I thought that too! If so how many variations are there...?
I adapted an idea called "Recursive division" for generating a maze. Here's the idea for grids of square cells:
Take a piece of chequered paper (aka. grid paper, the paper you use for doing math, a grid of squares). Imagine that all the cell edges can either be solid "walls" or open "doors".
Now fold that paper along any line of cell edges. You get two smaller areas that have the fold line in common. Assume that you already know for both smaller areas that within each area, each cell can be reached from each other cell. Then this will be true for the whole paper, too, if the whole fold consists of walls except for just one door on the fold line. (Why? We already assumed that you can travel from each cell to each cell if those cells are within the same area. To travel from one area to a cell in the other area, first travel from the source cell to the cell that is next to the fold door. Cross areas through this fold door. From there, travel to your destination cell.)
So do exactly that after creating your fold: Make the whole fold into walls, then randomly choose just
one wall on the fold and make that a door.
Now repeat that for each of the two smaller areas separately: Fold the area somewhere, make all the edges of the fold into walls, then open one door on the fold. You get four areas that are even smaller.

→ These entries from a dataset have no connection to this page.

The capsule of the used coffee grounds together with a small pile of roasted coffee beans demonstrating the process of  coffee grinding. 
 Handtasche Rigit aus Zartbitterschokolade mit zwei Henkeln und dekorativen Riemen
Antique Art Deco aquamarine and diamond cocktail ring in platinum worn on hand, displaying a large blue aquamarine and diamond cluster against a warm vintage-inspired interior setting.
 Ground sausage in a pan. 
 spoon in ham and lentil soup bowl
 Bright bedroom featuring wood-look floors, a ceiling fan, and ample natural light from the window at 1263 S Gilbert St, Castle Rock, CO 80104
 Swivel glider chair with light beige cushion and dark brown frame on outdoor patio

Rinse, repeat for ever dwindling areas until each area either contains two cells or just one cell. If the area has exactly two cells then connect them with a door and you are done; if it consists of just one cell, you are done.
Here's a good description of the algorithm.
Here's a page that will show this algorithm in action visually (and lots of others, too).
I've adapted that idea to hexagonal grids with the following idea. In a grid of squares, you have TWO angles for the folds to choose from: A fold can be either horizontal or vertical. In contrast, there are THREE angles for the folds to choose from in hexagonal grids. This means that the folding operations can yield "irregular" shapes, and you must take great care to keep track of just what cells are on both sides of the folding lines.